In a world where children and teenagers often grow up surrounded by screens and smartphones, a new breed of companies, particularly FinTech firms, is using the very technology that captivates young minds to teach them lifelong skills.
Through customized services, these firms are introducing youths to financial management, at a time when young consumers are seeking financial knowledge from diverse sources, including social media, financial education apps/tools, family, friends, as well as traditional channels like bank branches and financial advisers.
As noted in “The New Challenges Facing Finance: Algorithms, Finfluencers and the Quest for Reliability,” the latest report in PYMNTS Intelligence’s Digital-First Banking Tracker® Series, these offerings can go a long way to not only set the stage for responsible money handling but also empower families to make the most of their financial resources.
Take for example, Till Financial, a company focused on collaborative family banking.
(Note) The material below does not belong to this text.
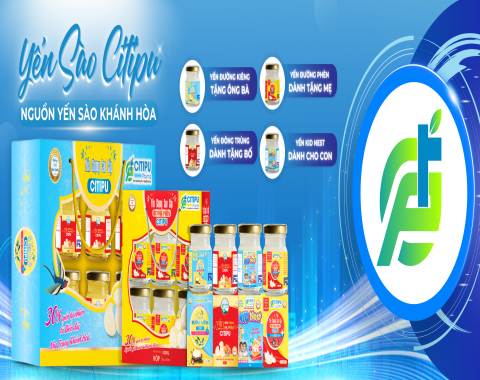 yến sào citipu,yến sào dược phẩm,yến chưng,yến sào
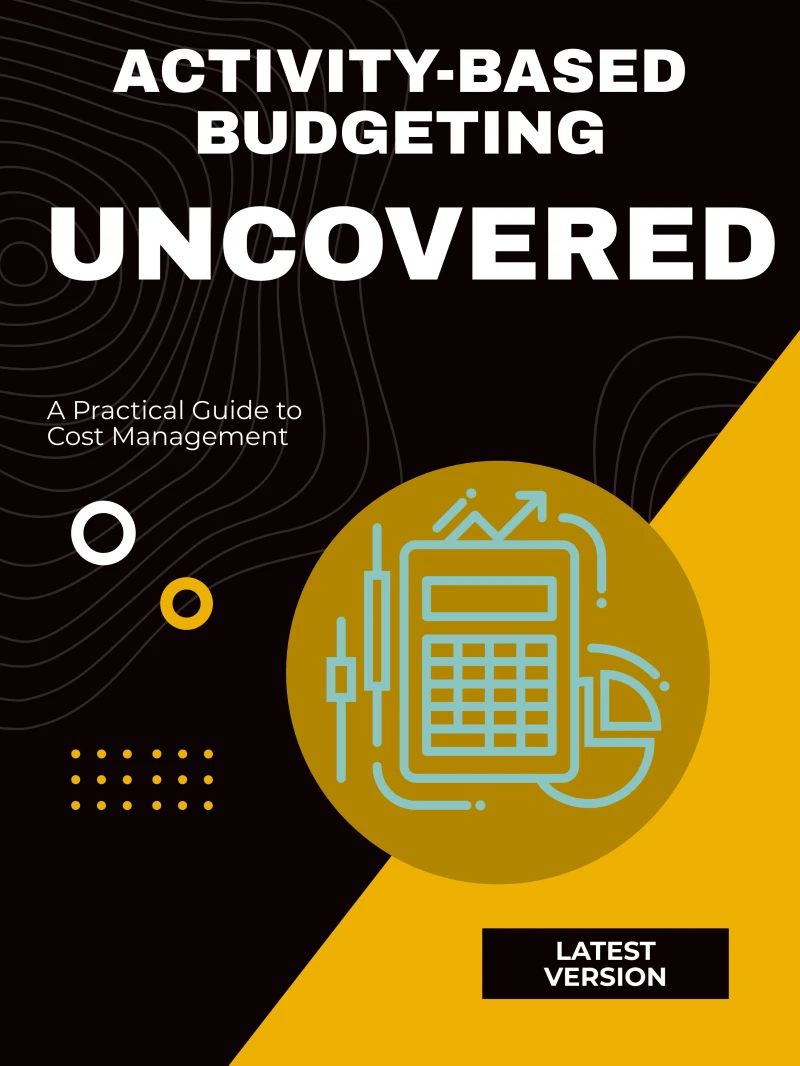 Portada: Activity-Based Budgeting Uncovered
Earlier this month, the FinTech firm announced that it had partnered with Astra, an infrastructure provider for faster payments, to offer financial solutions designed for families as part of “Till’s mission of empowering kids and teens to become smarter spenders.”
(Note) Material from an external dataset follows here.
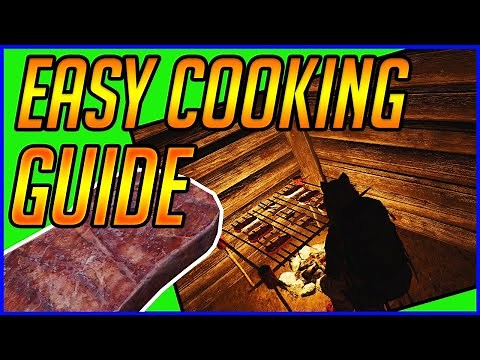 EASY Cooking Beginners GUIDE - [ SCUM ]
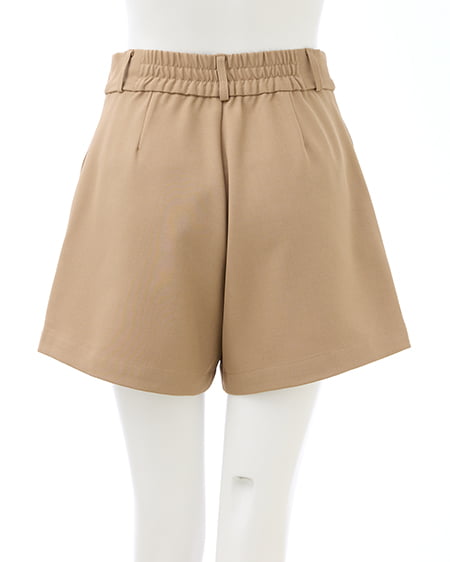 INGNI（イング） ショートパンツ ﾍﾞｰｼﾞｭ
According to Taylor Burton, co-founder at Till Financial, the partnership will help serve “the unique needs of our families through financial literacy” by offering young consumers “the tools they need for instant, secure, and user-friendly fund transfers.” The company also offers features like savings goals, chores and allowance, while giving parents control over spending activity.
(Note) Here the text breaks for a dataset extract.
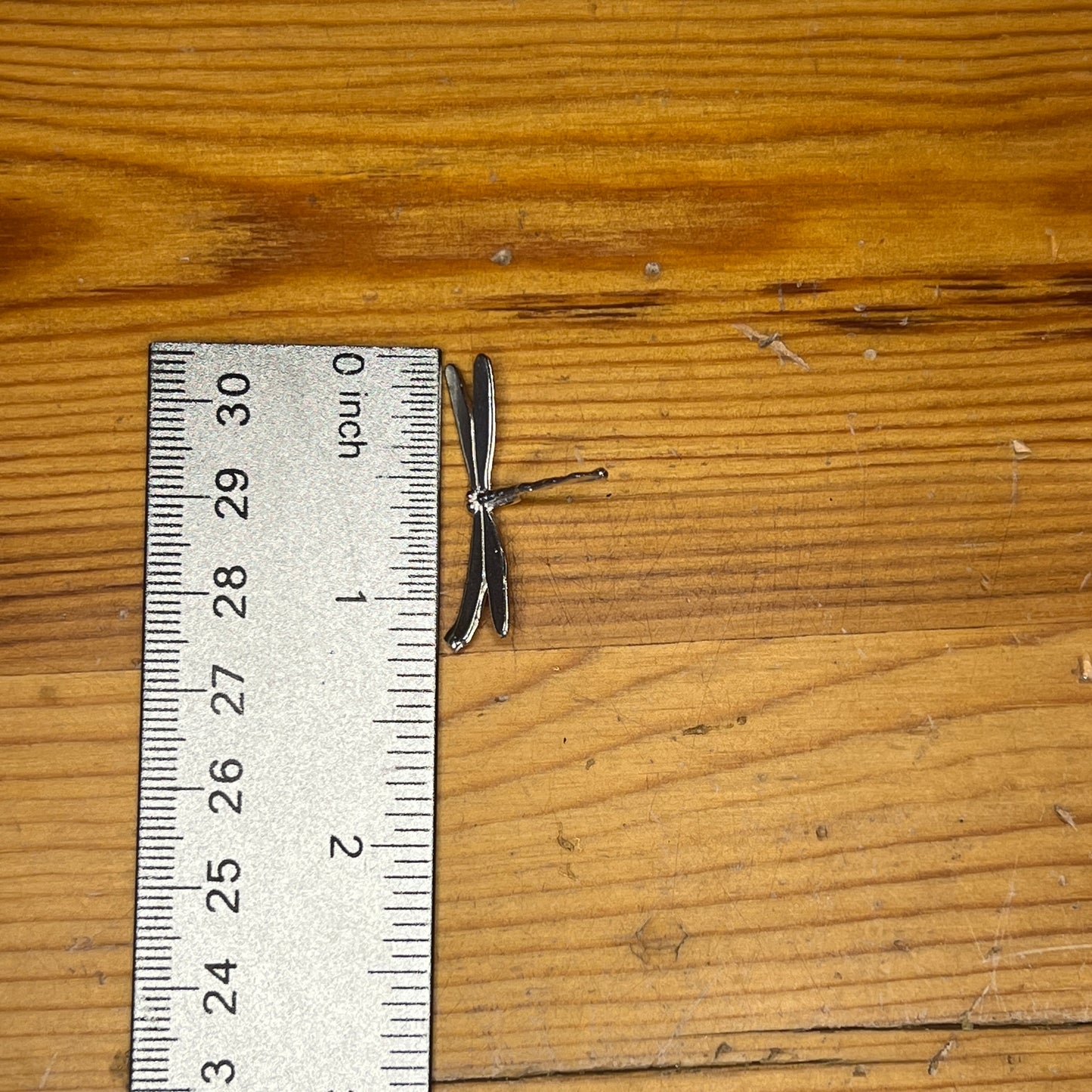 Dragonfly Cast in Sterling Silver for Jewelry Design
Greenlight, another startup catering to a younger audience, is also helping teens build and manage credit responsibly before 18, while their family earns up to 3% cash back on purchases made with Greenlight’s credit card.
“Building good credit may unlock a world of opportunities for your family, from better interest rates to lower monthly payments and ultimately, more money for your teen’s future,” the company said in an August blog post.
Similar to Tills’ offering, parents can also use Greenlight’s flexible controls to set monthly spending limits and track balances in the app as their teens build their credit, while receiving real-time alerts when purchases are made.
Giving kids and young people a good head start on their journey to financial independence was also the focus of a conversation between PYMNTS and Will Carmichael, CEO at U.K.-based youth-focused FinTech startup NatWest Rooster Money, earlier this year.
As Carmichael told PYMNTS, individuals form a lot of money habits by the age of 7, which is the reason why starting kids early, as young as 3, with strong money management skills is key.
He further highlighted the importance of making money “tangible” for children growing up in cashless societies, while encouraging families to learn about finances together so that parents can empower their children to build financial capability from an early age.
NatWest Rooster is also looking to provide support for the various platforms and mediums that youngsters engage with, whether it’s related to gaming or social media, while establishing a safe and secure online setting for their transactions, he added.
This is even more critical now as social media platforms like Tik Tok are gaining prominence in the financial education space, capturing the interest of more than 60% of Generation Z with information that is sometimes inaccurate and unreliable, the PYMNTS Intelligence study stated.
“At its worst, Finance TikTok perpetuates financial myths, scams and dangerously misleading information,” Rebecca Jennings and Emily Stewart of Vox noted in the study. “What users end up seeing often isn’t good advice from trusted sources; it’s just one random person’s experience making thousands of dollars off buying and selling Tesla calls.”